I'll be needing a new copy of Earth (Brin again). Probably my current favourite, and threatening to fall apart. Set in the near future, humanity recovering from an environmental catastrophe which could have wiped us out if we hadn't woken up in time. Interspersed with pieces showing the likely evolution of the internet - considering Brin wrote it in 1990, his predictions have been pretty much spot on. The core plot (pun intended) is a black hole that has been carelessly dropped into the earth, and which could eat the planet in short order.

 

Anyone remember the Unorthodox Engineers series of short stories by Colin Kapp? "You have a man on your team who specialises in theft? What's his job title?" "Quartermaster!" :turtle:

 

I have most of the output of the Big Three of my day - Asimov, Clarke, Heinlein.

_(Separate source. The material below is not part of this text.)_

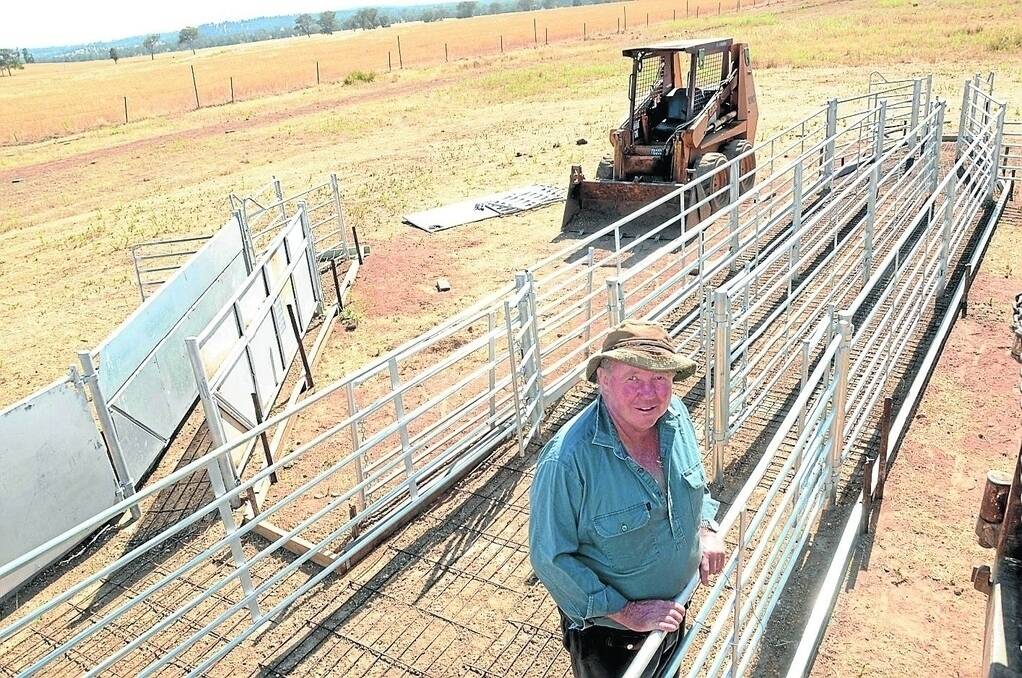 Neil Doherty waits for concreters to pour the flooring of the bugle, drenching and drafting races in his new set of Atlex sheep yards being constructed on â€œAllingtonâ€, Toongi, to easily work 1000 sheep at a time.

Asimov wrote better puzzles, Clarke wrote better science, Heinlein wrote better people. I'd agree with a previous post that Larry Niven manages to combine the best writing traits of all of them. Special thanks to Larry for writing Fallen Angels, where us SF fans get a starring role!

 

And a couple of oldies: A Martian Odyssey and The New Adam by Stanley G Weinbaum. Weinbaum died in 1935 - many authors, including Asimov, said that they were inspired by his work.